Drone maker Vyriy is integrating The Fourth Law’s TFL-1 machine-vision module onto its Vyriy-10 airframe, after several months of frontline trials with Ukrainian brigades.
The proposition is straightforward. An operator cues the target; once the onboard camera confirms a visual lock, the guidance computer assumes control for the terminal run. The developers say this approach sustains accuracy under electronic warfare and radio jamming—conditions that often break manual links at the most critical moment. Company figures claim a two- to four-fold improvement in successful hits for roughly a ten per cent increase in cost. Independent test data have not been published.
Price remains the headline. Vyriy states that the Vyriy-10 fitted with TFL-1 is priced at ₴18,500, placing it firmly within the FPV segment rather than among purpose-built loitering munitions. The retrofit philosophy is central: TFL-1 is a bolt-on terminal guidance unit designed for common FPV frames and payloads, intended to be produced at scale and replaced when airframes are lost to attrition.
The commercial context inside Ukraine is unusual as well. Confirmed strikes achieved with TFL-equipped drones are eligible for additional “e-points” within the country’s official battlefield incentive scheme. Units can redeem accumulated points on the state-backed Brave1 marketplace for equipment and services. The mechanism formalises a feedback loop between performance at the front and access to kit, although the adjudication criteria for verified hits are not publicly detailed.
From a Western vantage point, the concept is familiar but the packaging is not. Systems such as AeroVironment’s Switchblade 300 and 600 already provide aided target tracking and operator-in-the-loop retask or abort features. Teledyne FLIR’s Rogue 1, unveiled last year, points towards recoverable loitering munitions with modular payloads and plans for AI-assisted target recognition. In the United States, autonomy stacks like Shield AI’s Hivemind focus on navigation, teaming and tactical manoeuvre for larger uncrewed aircraft, while Skydio’s Autonomy is widely used for obstacle avoidance and inspection. All of these demonstrate elements of the same idea—computer-vision assistance and varying degrees of autonomy—but they sit at higher price points and are delivered as complete, certified systems.
Ukraine’s development track is different because needs are different. FPV drones at the front are consumables. Electronic counter-measures are dense. Procurement is distributed across volunteer networks, unit-level buyers and government programmes. In that environment, a guidance “kit” that can be fitted to a cheap airframe and replaced after loss offers a route to scale that Western acquisition processes rarely prioritise. The companies behind TFL-1 argue that the kit’s value lies in bringing a behaviour associated with loitering munitions—terminal guidance after hand-off—into the sub-$1,000 class.
There are caveats.
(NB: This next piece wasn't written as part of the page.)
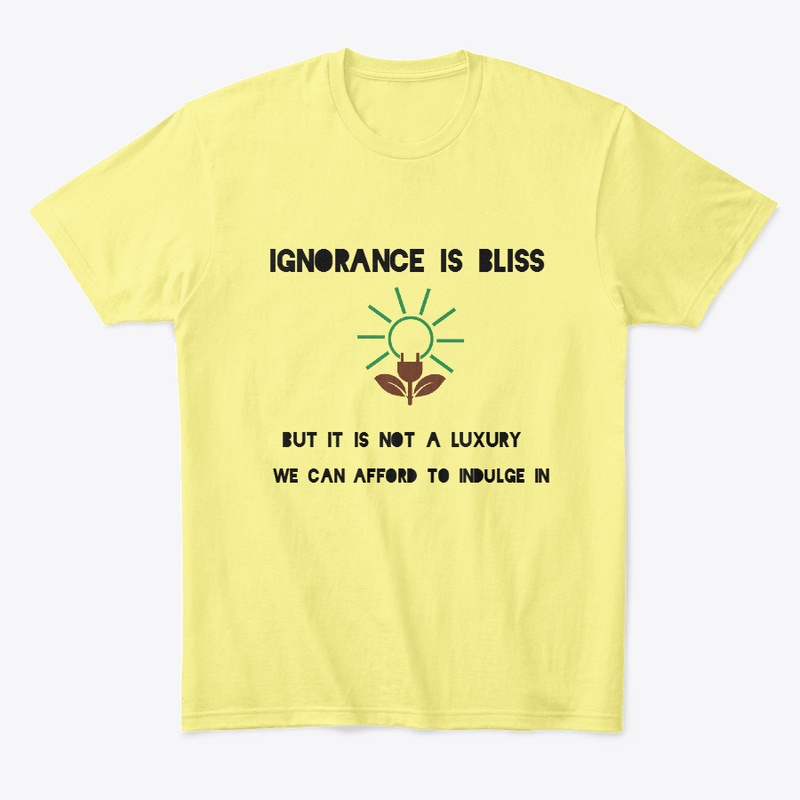 Green movement tee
The headline efficacy figures lack third-party verification, and there is no published data on recognition ranges, latency, false-lock rates or resilience against specific jamming techniques. Nor have the firms disclosed production volumes, monthly output targets or the training burden for operators transitioning from manual FPV flight to hand-off guidance. As with all autonomy claims, telemetry, video evidence and independent trials will determine how far initial results generalise across different terrains, weather and counter-measures.
Even so, the direction of travel is clear. The Fourth Law says it has codified both the TFL-1 module and an FPV variant known as Lupynis-10-TFL-1, a bureaucratic step that can simplify ordering and logistics among allies. The company also reported a first funding round in July from investors in the EU, the United States and Canada, signalling interest in scaling beyond bespoke batches. Vyriy, for its part, expects a measurable rise in confirmed hits as the TFL-1 configuration reaches units in larger numbers.
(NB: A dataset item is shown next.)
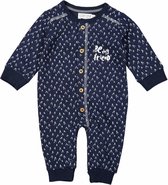 Dirkje - Boxpak - Blauw met figuurtjes - Maat 62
Policy helps explain why Western equivalents look different. The United Kingdom and the United States emphasise “appropriate human judgment” in the application of force. That has pushed programmes towards human-in-the-loop or human-on-the-loop designs with formal safety cases, wave-off features and detailed certification. Ukrainian developers likewise describe an initial human designation step before hand-off, but the emphasis is on keeping costs low, tolerating attrition and resisting jamming in a live, industrial-scale war.
If the companies’ claims prove durable, the implications are practical rather than theoretical. A low-cost autonomy add-on that materially raises strike efficiency could change the cost calculus of drone warfare at the bottom end of the market, where numbers matter and losses are expected. For partners watching Ukraine’s use of cheap uncrewed systems, the lesson is less about a single product and more about an approach: push useful autonomy into the most numerous platforms first, and accept that, at this tier, simplicity and price often outrank elegance.